▶ _Work request_
Output nothing but the lines from the one holding "Nike Dunk Low Team Green" to the end of the listing. Reproduce them exactly, without the pictures.

▶ _Information shown_
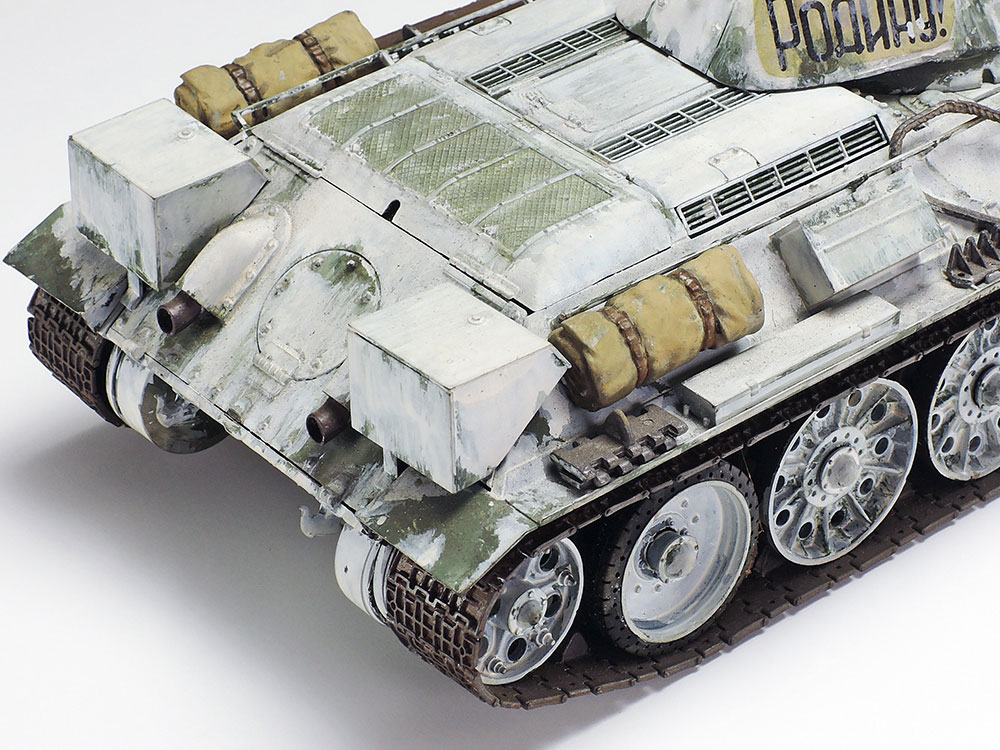 1/35 ソビエト T34/76戦車 1942年型 | 鉄道模型・プラモデル・ラジコン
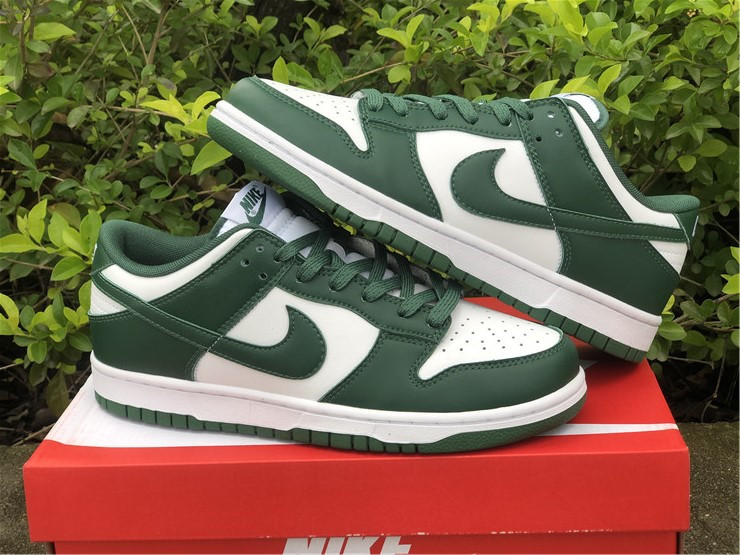 Nike Dunk Low Team Green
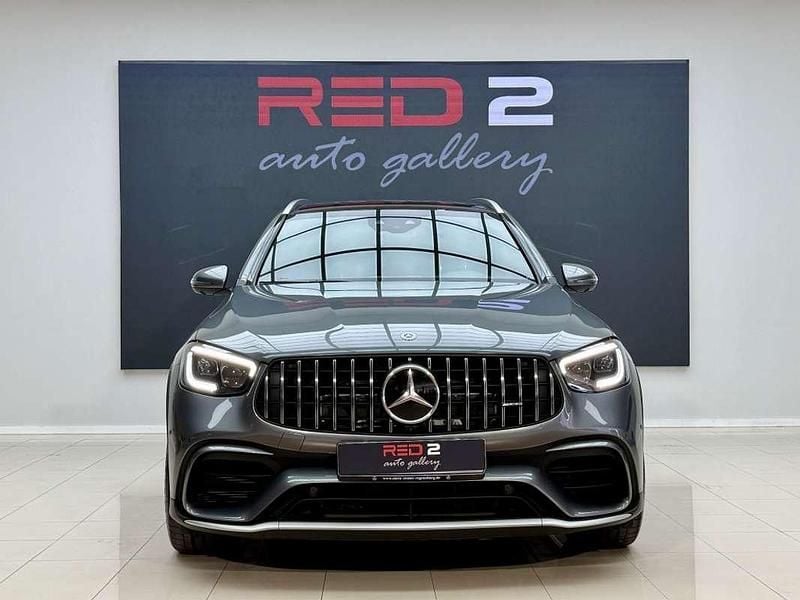 Usado Mercedes GLC63 AMG AMG 510 CV (375 kW) 2019 Gris Coupe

▶ _Exercise response_
 Nike Dunk Low Team Green
 Usado Mercedes GLC63 AMG AMG 510 CV (375 kW) 2019 Gris Coupe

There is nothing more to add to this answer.